Instructions to follow:
In the entries below, begin at the line that has "Goobay Wall Charger", stop after the line that has "Colorverse 2025 Blue", and output those lines exactly with no pictures.

Records for the task:

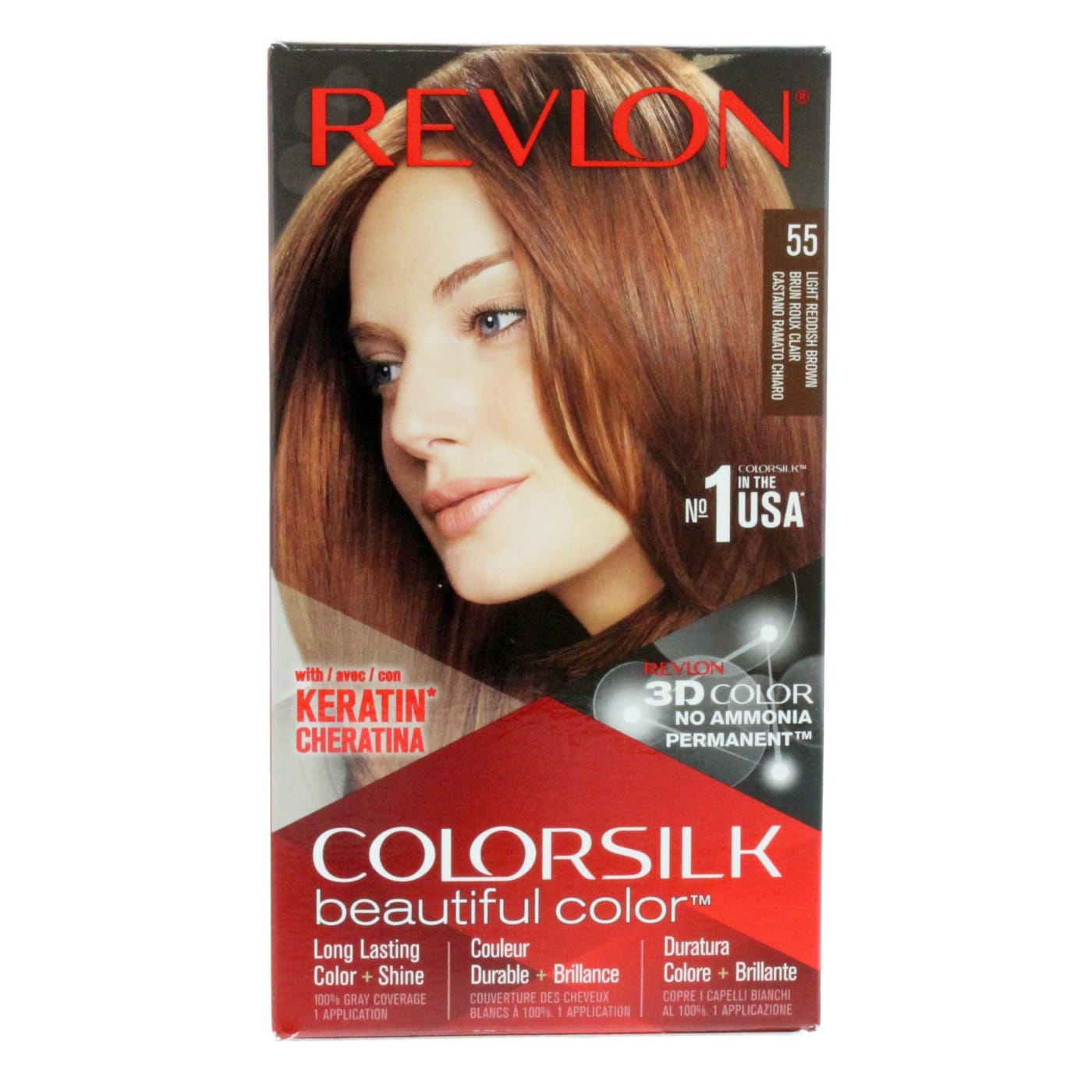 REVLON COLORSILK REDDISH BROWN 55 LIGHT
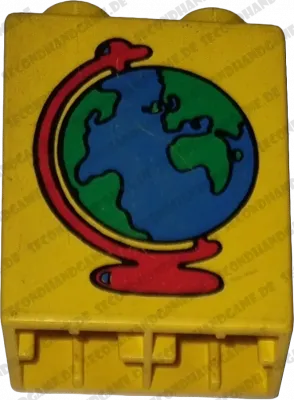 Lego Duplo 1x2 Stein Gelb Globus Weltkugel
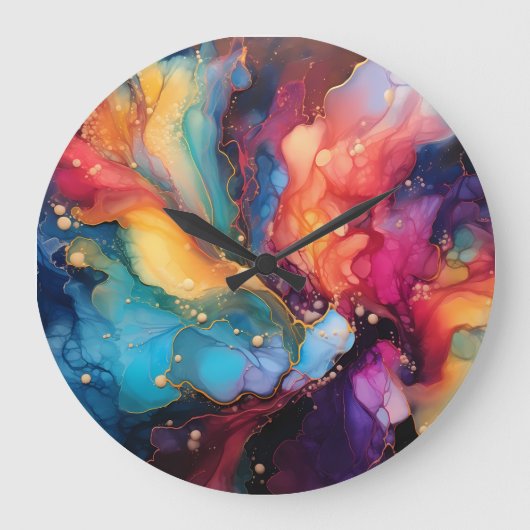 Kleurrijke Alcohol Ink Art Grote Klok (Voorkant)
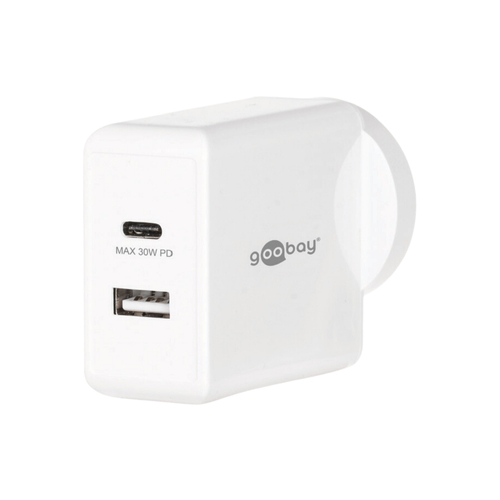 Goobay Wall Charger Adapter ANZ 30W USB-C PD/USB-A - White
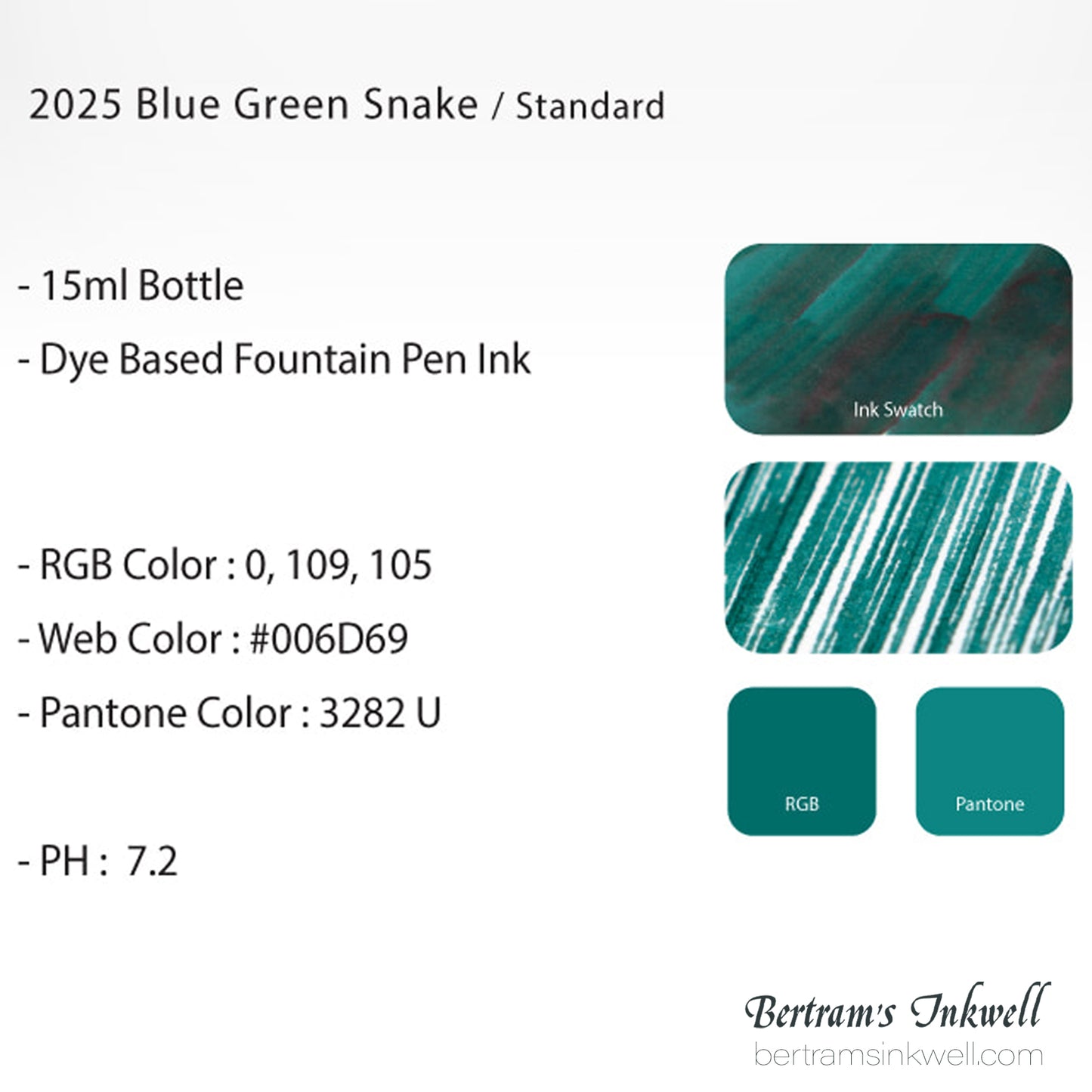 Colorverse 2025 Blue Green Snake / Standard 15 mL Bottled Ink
* * *
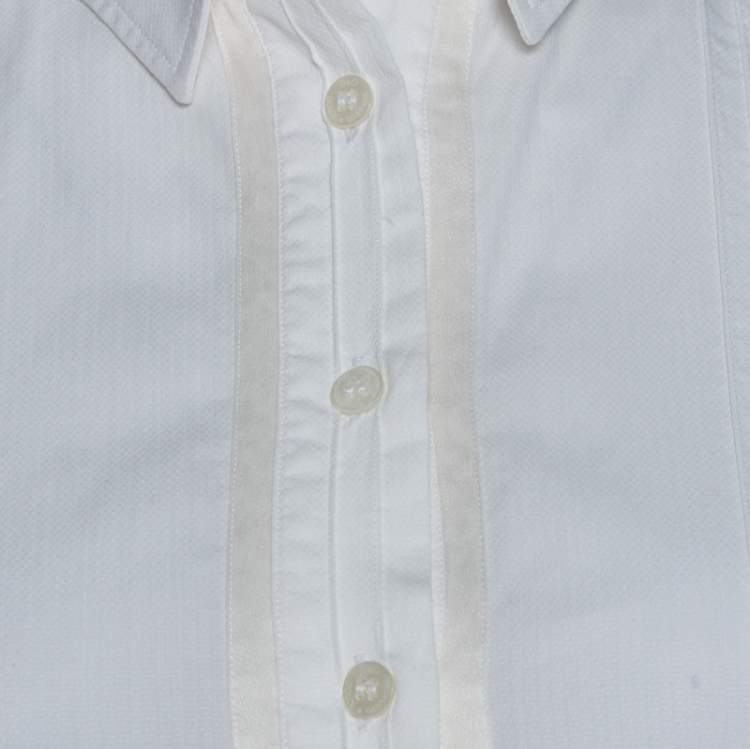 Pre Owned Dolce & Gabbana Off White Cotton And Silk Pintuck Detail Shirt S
...
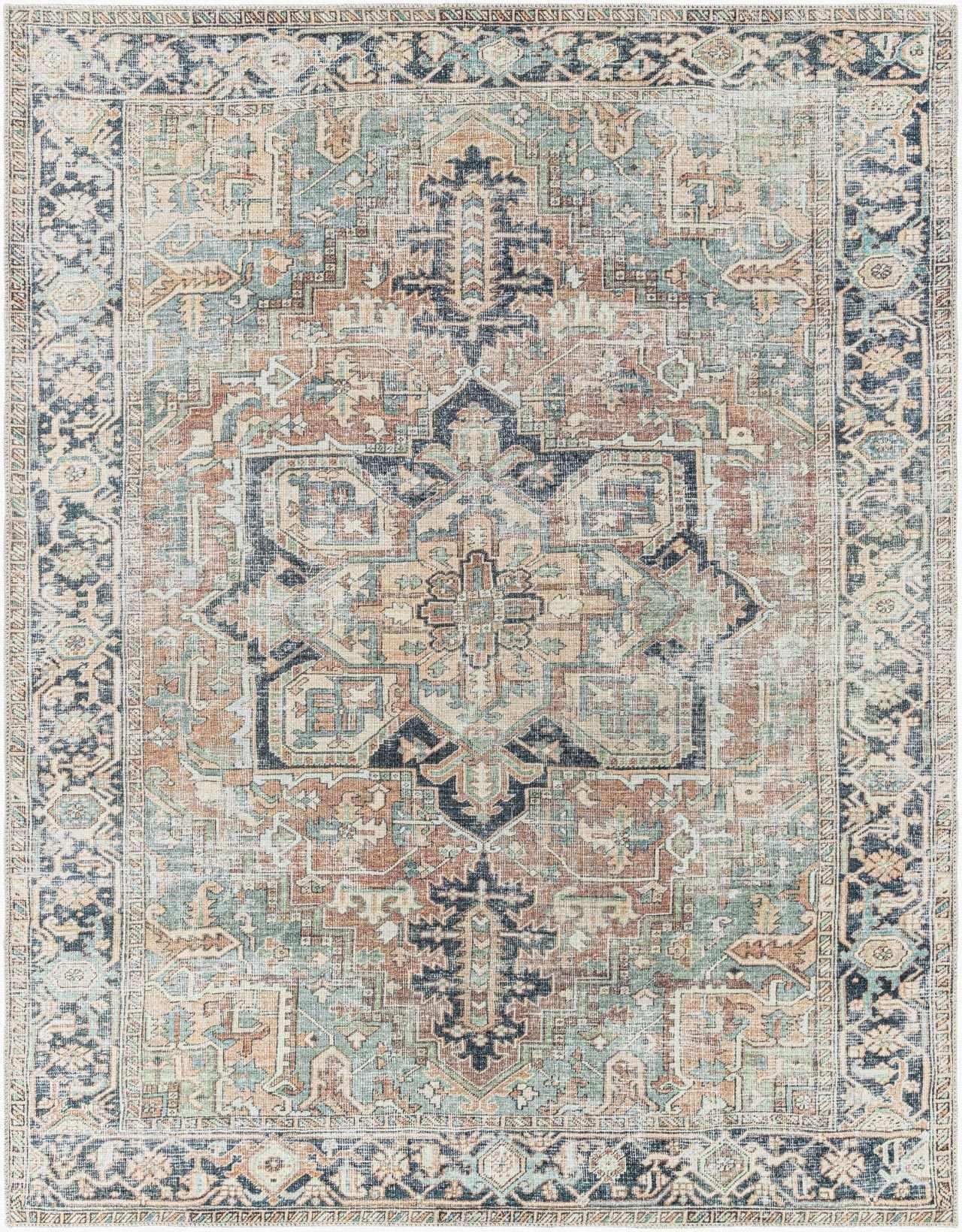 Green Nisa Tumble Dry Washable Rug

Expected answer:
 Goobay Wall Charger Adapter ANZ 30W USB-C PD/USB-A - White
 Colorverse 2025 Blue Green Snake / Standard 15 mL Bottled Ink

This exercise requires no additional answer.